Hello, all. For those in the Los Angeles area, we're starting up a Saturday afternoon/evening gaming group. We are currently running a 3.5 D&D campaign, but have plans to play Buffy and Exalted and maybe even Star Trek in the near future. We've played pretty much everything under the sun. World of Darkness, Adventure, Star Wars, Aberrant, Dead Lands and Alternity.

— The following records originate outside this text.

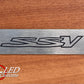 Stainless steel badges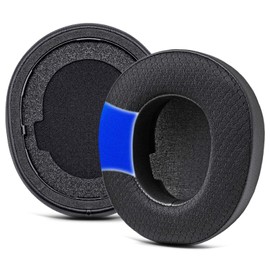 Nova Pro Wireless Replacement Earpads for Arctis Nova Pro Wireless Headset by TRANSTEK, Improved Durability and Sound Isolation I Add Thickness (Hybrid Mesh Cooling Gel)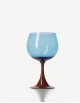 Burlesque Red Wine Glass - Made in Murano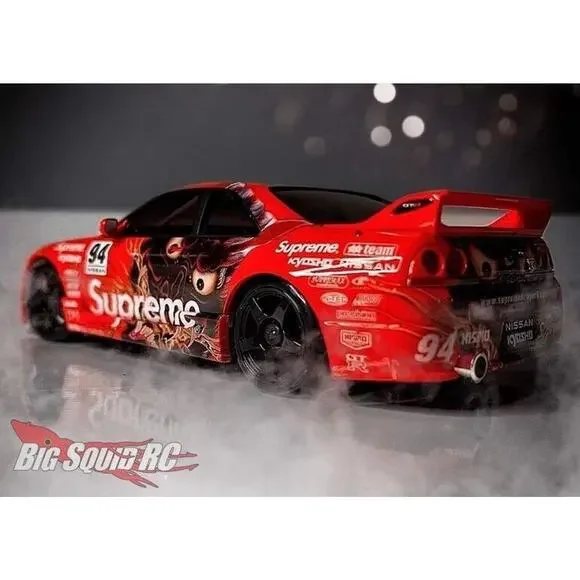 Supreme/Kyosho Mini-Z • Nissan Skyline R33 • RC Readyset • Cross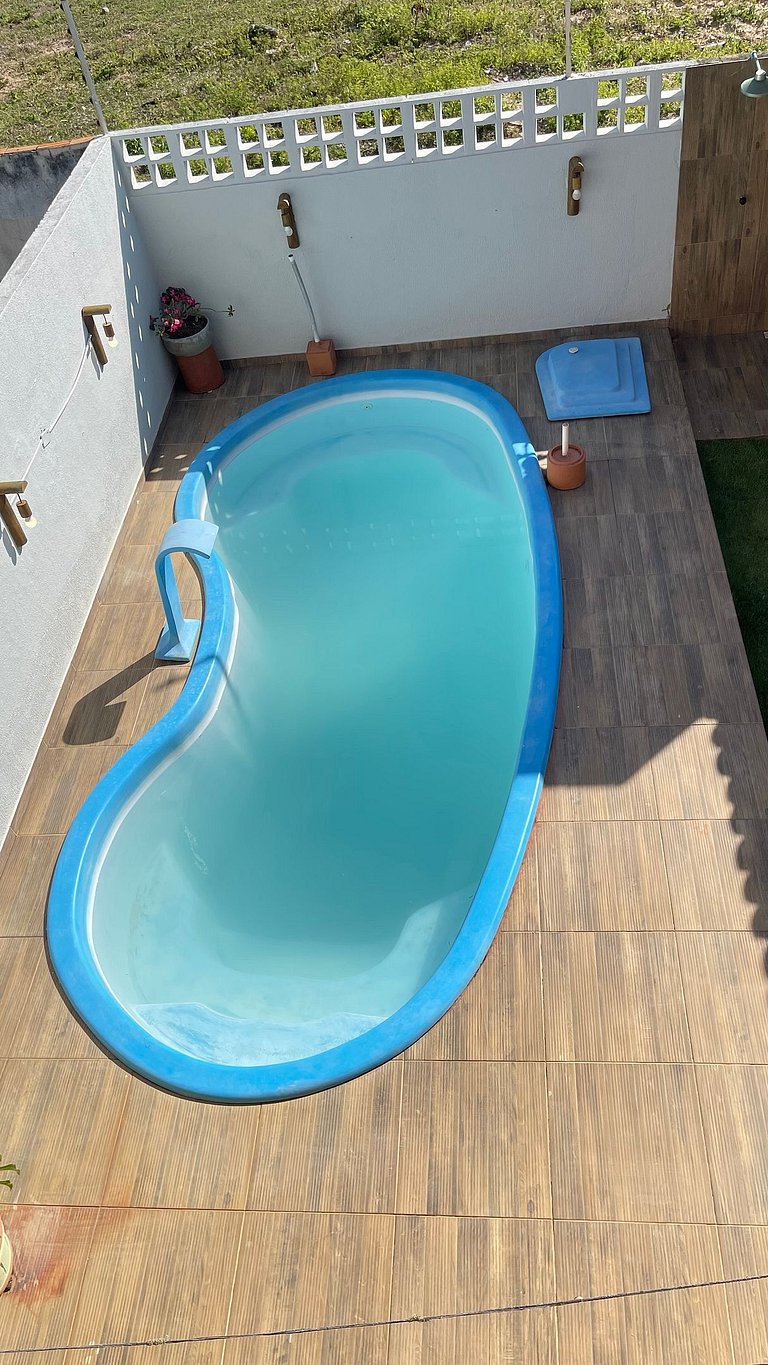 Casa Brisa Mar - A 1 rua da Praia da Caueira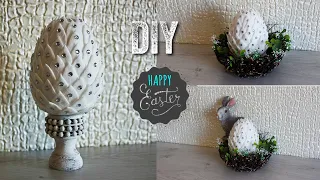 DIY Easter Crafts. Easter composition. Easter decor idea. 🥚🌷 Easter egg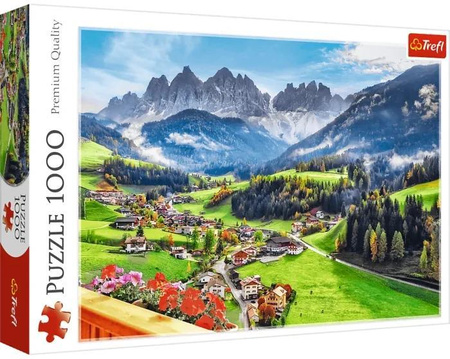 Puzzle 1000 el. St. Magdalena Dolomity Włochy Trefl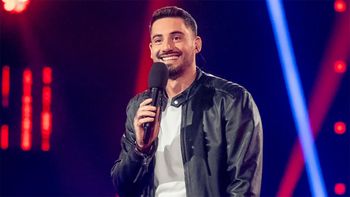 Tras su blooper en La Voz Argentina, Nico Occhiato redobló la apuesta con un divertido sketch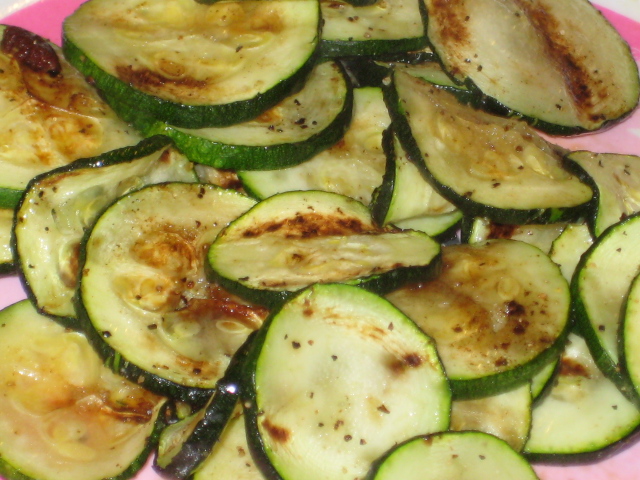 Grilled Zucchini - A Thrifty Mom - Recipes, Crafts, DIY and more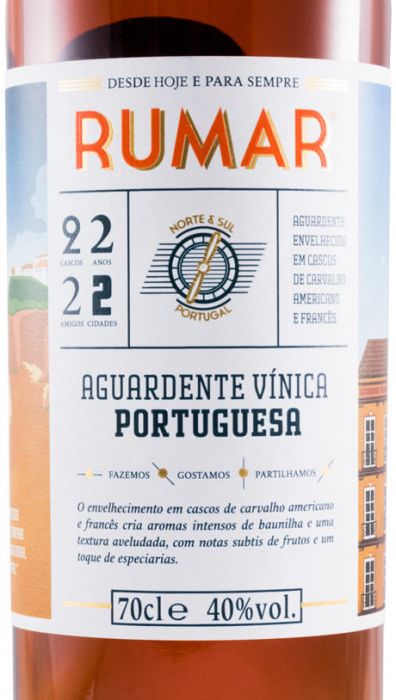 Wine Spirit Portuguesa Rumar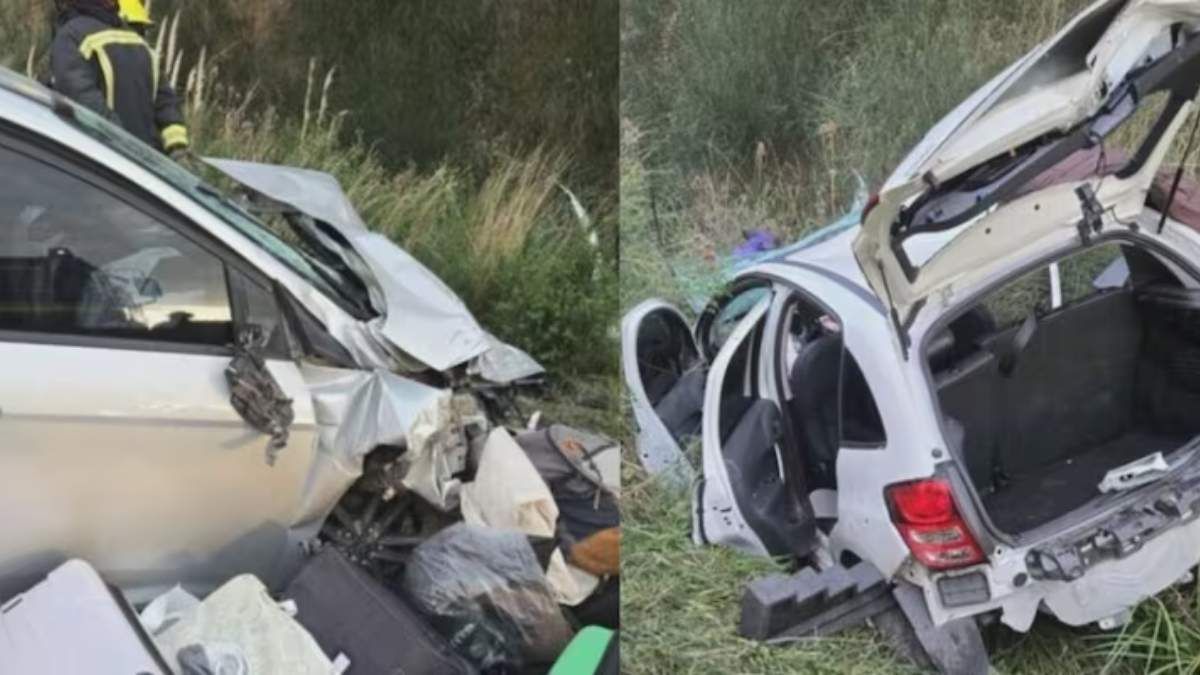 Las cuatro víctimas eran jóvenes médicos que regresaban de una fiesta en Tornquist cuando ocurrió el trágico accidente.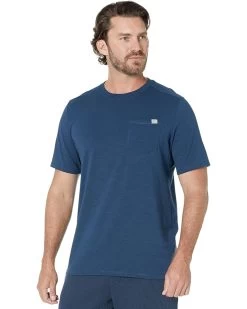 L.L.Bean Explorer Slub Tee Short Sleeve - Tall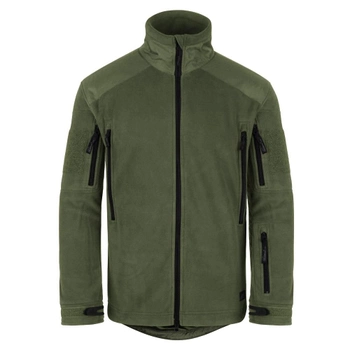 Куртка Helikon-Tex LIBERTY - Double Fleece, Olive green 2XL/Regular (BL-LIB-HF-02)
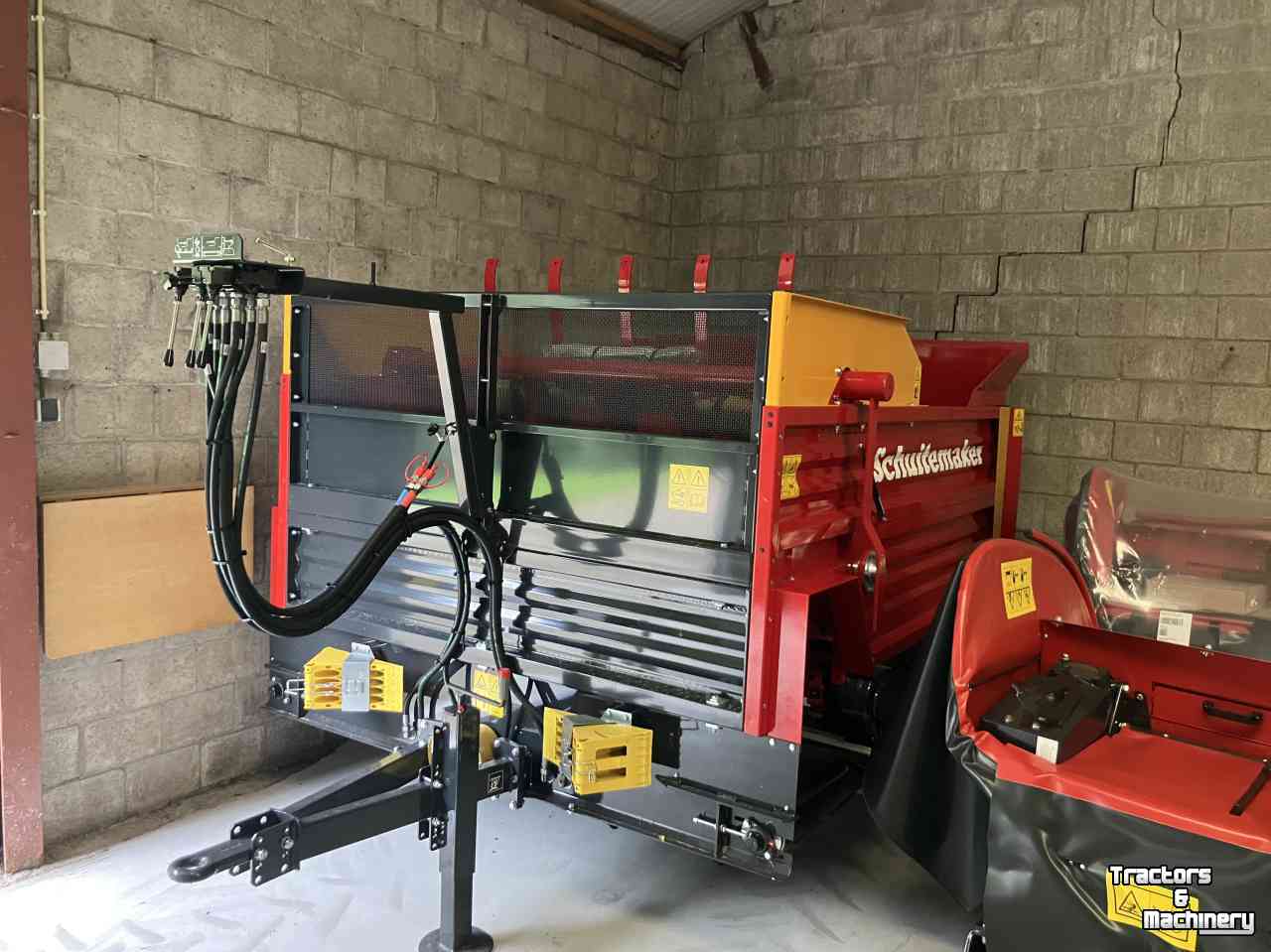 Blokkendoseerwagen Schuitemaker Amigo 20S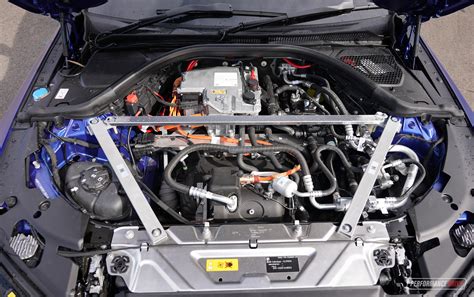 2022 Bmw I4 engine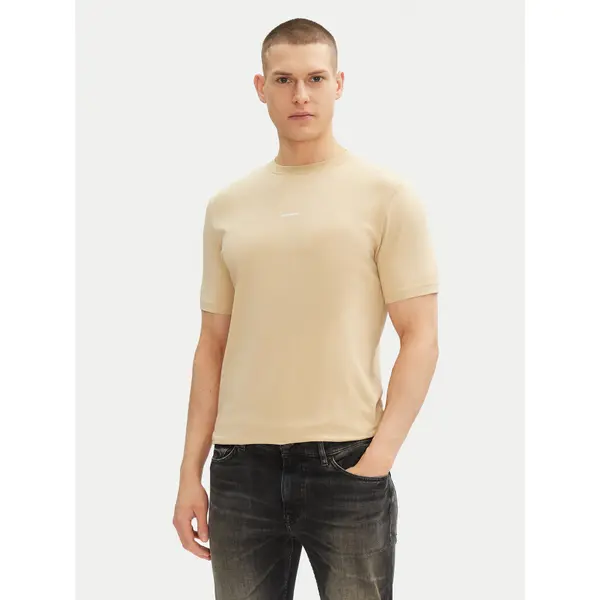 Karl Lagerfeld KARL LAGERFELD T-shirt 755030 552235 Bež Regular Fit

We're a well rounded group open for pretty much anything. 

Thanks for your interest!


----------



## Bloosquig (Feb 13, 2005)

Where exactly are you guys located at in Los Angeles?  I'm in rosemead / montebello and I'm looking for a good game.  I'm willing to play anything and am very flexible.  if your close by go ahead and give me an email at 

the_krieg22@yahoo.com

Thanks!


----------



## Westgate Polks (Feb 14, 2005)

*Where is LA?*

I am in the LA / Palms / Culver City neck of the woods, and I am JONESING to game.  If this is close by,  please feel free to drop me a line or let me know.

Thanks for your time.

FOrrest


----------



## Stosh (Feb 19, 2005)

im in burbank and need a group baaaaaaaaaaaaaaad. if u want me in then email me at pranksta_89@hotmail.com.


----------



## D'nemy (Feb 25, 2005)

We're located in the Eagle Rock/Glassel Park area. Currently we are playing the Buffy/Angel RPG. And after that we'll be starting up Adventure! (the original White Wolf version) which is an RPG in a 20's, 30's pulp setting ala Indiana Jones and Sky Captain.

Let me know if you're interested in either!

Thanks!


----------